More than a dozen US states filed a joint lawsuit arguing that President Donald Trump's national emergency is unconstitutional. The suit stresses that it is Congress who has the authority on funding matters.
Sixteen US states have sued Donald Trump's administration over the president's recent national emergency declaration, California Attorney General Xavier Becerra announced on Monday.
Trump declared the national emergency on February 15, in order to secure funding for a wall on the southern border with Mexico, after he failed to convince the US Congress to approve the money through a budget bill.
"We're suing President Trump to stop him from unilaterally robbing taxpayer funds lawfully set aside by Congress for the people of our states. For most of us, the office of the presidency is not a place for theater," Becerra said.
California is leading the suit and the procedure was filed in one of its federal courts.

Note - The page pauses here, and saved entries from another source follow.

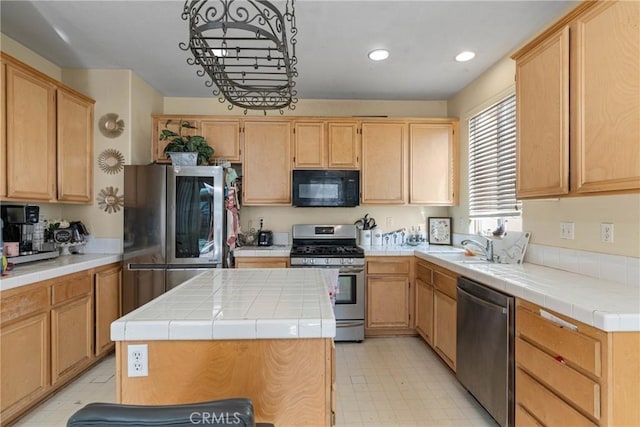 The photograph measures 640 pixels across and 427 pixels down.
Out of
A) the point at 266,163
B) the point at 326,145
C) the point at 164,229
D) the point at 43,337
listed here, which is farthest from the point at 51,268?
the point at 326,145

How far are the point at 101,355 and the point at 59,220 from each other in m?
1.33

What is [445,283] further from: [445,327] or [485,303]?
[485,303]

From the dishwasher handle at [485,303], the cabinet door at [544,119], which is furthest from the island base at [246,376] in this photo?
the cabinet door at [544,119]

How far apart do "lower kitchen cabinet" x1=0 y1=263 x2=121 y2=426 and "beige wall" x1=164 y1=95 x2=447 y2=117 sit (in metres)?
2.11

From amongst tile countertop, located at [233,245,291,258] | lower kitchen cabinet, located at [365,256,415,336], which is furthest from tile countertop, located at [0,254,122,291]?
lower kitchen cabinet, located at [365,256,415,336]

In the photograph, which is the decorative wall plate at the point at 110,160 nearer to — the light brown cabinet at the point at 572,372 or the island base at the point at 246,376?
the island base at the point at 246,376

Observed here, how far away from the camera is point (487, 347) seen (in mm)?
2004

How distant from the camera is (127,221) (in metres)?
3.03

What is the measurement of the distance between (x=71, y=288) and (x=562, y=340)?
3.08 meters

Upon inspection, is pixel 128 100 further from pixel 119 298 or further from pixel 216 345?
pixel 216 345

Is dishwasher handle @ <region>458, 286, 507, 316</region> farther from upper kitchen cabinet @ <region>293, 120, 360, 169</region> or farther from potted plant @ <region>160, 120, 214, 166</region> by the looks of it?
potted plant @ <region>160, 120, 214, 166</region>

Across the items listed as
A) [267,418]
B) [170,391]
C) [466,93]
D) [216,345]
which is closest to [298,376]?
[267,418]

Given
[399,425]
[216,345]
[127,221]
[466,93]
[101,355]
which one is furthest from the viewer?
[466,93]

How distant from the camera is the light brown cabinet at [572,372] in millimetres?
1232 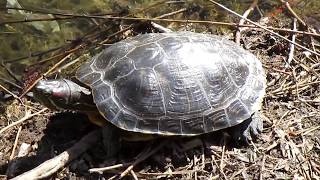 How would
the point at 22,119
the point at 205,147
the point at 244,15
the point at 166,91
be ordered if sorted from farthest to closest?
the point at 244,15, the point at 22,119, the point at 205,147, the point at 166,91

Colorado, Connecticut, Delaware, Hawaii, Illinois, Maine, Maryland, Michigan, Minnesota, Nevada, New Jersey, New Mexico, New York, Oregon and Virginia have all joined the lawsuit, arguing that Trump's move has violated the US Constitution.
Congress' budget powers
According to the lawsuit, the president's order breaches the constitution's Presentment and Appropriations Clauses, the latter which designates Congress as the main authority for spending or the institution with the 'power of the purse.'
"Congress has repeatedly rebuffed the president's insistence to fund a border wall, recently resulting in a record 35-day partial government shutdown over the border wall dispute," the lawsuit statement read.

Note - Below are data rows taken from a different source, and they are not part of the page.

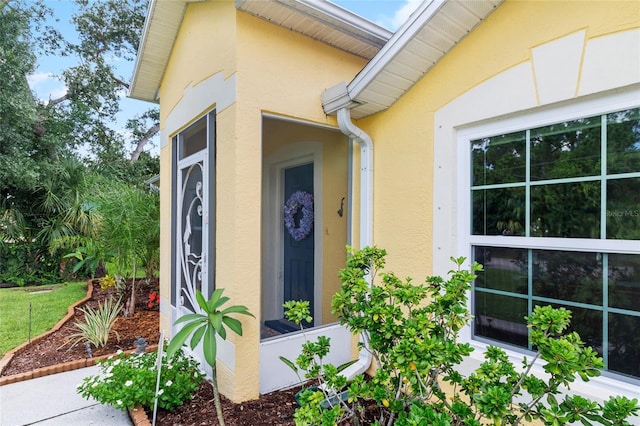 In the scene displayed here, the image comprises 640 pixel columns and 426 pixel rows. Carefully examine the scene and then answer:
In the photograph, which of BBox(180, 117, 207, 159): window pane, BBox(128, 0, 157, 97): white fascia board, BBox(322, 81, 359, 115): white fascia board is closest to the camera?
BBox(322, 81, 359, 115): white fascia board

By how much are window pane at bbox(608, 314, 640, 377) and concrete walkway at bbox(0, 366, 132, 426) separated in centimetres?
410

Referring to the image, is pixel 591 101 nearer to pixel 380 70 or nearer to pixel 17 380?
pixel 380 70

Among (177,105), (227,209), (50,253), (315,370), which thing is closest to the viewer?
(315,370)

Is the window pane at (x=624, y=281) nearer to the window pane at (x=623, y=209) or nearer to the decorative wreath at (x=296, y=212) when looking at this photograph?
the window pane at (x=623, y=209)

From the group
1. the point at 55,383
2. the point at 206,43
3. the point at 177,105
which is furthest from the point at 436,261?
the point at 55,383

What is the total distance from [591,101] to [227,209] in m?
3.18

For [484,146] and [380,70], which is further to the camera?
[380,70]

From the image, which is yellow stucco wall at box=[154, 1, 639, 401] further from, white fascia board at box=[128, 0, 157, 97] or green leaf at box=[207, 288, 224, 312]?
white fascia board at box=[128, 0, 157, 97]

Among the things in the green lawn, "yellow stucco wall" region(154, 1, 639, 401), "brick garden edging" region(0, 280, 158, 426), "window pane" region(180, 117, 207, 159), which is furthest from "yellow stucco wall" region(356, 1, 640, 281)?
the green lawn

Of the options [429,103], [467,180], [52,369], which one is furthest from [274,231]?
[467,180]

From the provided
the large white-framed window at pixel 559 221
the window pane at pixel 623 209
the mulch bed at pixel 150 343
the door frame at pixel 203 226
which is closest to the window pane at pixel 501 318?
the large white-framed window at pixel 559 221

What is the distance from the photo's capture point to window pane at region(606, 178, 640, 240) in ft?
7.18

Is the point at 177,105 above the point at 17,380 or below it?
above

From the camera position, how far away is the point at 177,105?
16.4 ft
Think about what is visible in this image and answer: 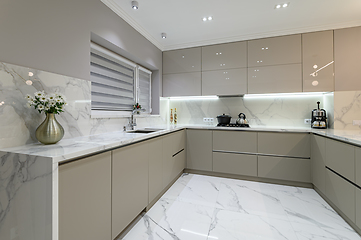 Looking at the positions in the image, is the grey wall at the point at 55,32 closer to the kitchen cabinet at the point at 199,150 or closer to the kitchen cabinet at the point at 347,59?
the kitchen cabinet at the point at 199,150

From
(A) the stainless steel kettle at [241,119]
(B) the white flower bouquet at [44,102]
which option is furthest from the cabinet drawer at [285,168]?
(B) the white flower bouquet at [44,102]

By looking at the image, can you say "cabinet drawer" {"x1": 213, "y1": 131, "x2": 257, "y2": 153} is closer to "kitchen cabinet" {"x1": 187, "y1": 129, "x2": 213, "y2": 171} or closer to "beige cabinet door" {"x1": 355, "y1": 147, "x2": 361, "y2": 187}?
"kitchen cabinet" {"x1": 187, "y1": 129, "x2": 213, "y2": 171}

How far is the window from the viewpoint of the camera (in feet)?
7.28

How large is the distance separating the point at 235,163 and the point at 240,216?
42.7 inches

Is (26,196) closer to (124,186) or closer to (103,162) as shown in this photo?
(103,162)

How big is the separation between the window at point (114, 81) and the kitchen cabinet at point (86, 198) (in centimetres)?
120

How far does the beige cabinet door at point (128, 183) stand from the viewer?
4.66ft

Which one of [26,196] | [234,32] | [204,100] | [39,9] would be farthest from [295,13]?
[26,196]

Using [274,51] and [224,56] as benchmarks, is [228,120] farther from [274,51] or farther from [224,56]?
[274,51]

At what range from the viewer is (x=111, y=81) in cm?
248

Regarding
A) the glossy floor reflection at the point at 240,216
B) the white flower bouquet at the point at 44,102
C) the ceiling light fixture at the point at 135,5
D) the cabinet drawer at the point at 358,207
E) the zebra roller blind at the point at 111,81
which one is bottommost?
the glossy floor reflection at the point at 240,216

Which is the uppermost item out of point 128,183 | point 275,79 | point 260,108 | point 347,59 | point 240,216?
point 347,59

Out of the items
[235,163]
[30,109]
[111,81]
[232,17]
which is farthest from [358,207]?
[111,81]

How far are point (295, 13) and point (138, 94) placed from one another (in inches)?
100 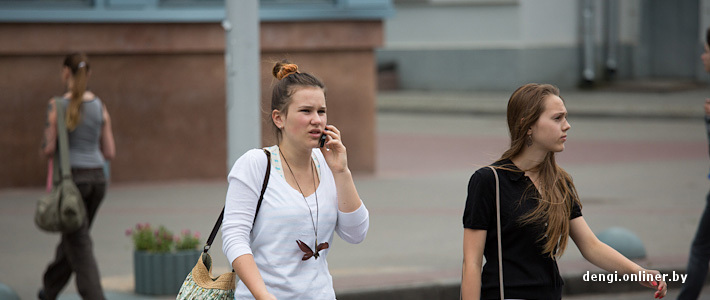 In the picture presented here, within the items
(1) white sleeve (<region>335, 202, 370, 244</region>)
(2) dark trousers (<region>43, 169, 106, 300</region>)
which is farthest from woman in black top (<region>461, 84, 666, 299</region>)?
(2) dark trousers (<region>43, 169, 106, 300</region>)

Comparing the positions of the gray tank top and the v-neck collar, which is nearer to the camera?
the v-neck collar

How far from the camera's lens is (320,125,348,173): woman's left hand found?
3.76 m

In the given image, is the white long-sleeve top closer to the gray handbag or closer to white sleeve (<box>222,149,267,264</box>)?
white sleeve (<box>222,149,267,264</box>)

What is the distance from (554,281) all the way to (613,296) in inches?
167

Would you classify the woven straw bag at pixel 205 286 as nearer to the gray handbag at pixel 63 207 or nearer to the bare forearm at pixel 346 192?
the bare forearm at pixel 346 192

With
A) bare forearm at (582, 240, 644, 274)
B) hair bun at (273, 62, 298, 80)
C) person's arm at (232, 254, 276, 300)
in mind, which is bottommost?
bare forearm at (582, 240, 644, 274)

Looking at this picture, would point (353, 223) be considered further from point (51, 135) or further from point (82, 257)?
point (51, 135)

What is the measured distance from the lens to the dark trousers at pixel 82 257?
6.88 m

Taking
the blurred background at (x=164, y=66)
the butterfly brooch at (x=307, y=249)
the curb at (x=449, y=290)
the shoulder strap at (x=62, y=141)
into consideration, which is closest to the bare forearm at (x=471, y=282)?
the butterfly brooch at (x=307, y=249)

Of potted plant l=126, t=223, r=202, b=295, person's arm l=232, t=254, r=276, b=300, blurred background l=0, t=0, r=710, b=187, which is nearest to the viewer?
person's arm l=232, t=254, r=276, b=300

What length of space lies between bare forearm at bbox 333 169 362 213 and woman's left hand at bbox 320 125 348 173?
0.08 feet

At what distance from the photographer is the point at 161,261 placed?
24.2ft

"After the government reopened, Congress approved, and the president signed into law, a $1.375 billion (€1.217 billion) appropriation for fencing along the southern border, but Congress made clear that funding could not be used to build President Trump's proposed border wall," the statement added.
Attorney General Becerra argued that his and other states had the legal standing to sue, as they risked losing funds intended for military projects, disaster assistance and other purposes, which Trump could divert for a wall.
"President Trump treats the rule of law with utter contempt. He knows there is no border crisis, he knows his emergency declaration is unwarranted, and he admits that he will likely lose this case in court," Becerra said.
Additionally, the suit also alleged that the Department of Homeland Security violated the National Environmental Policy Act by failing to assess the environmental impact of the wall in California and New Mexico.
The legal challenge is likely to slow President Trump's pledge and campaign promise to build the wall on the southern border. He has long argued that such a structure is needed to curb illegal immigration and drug trafficking.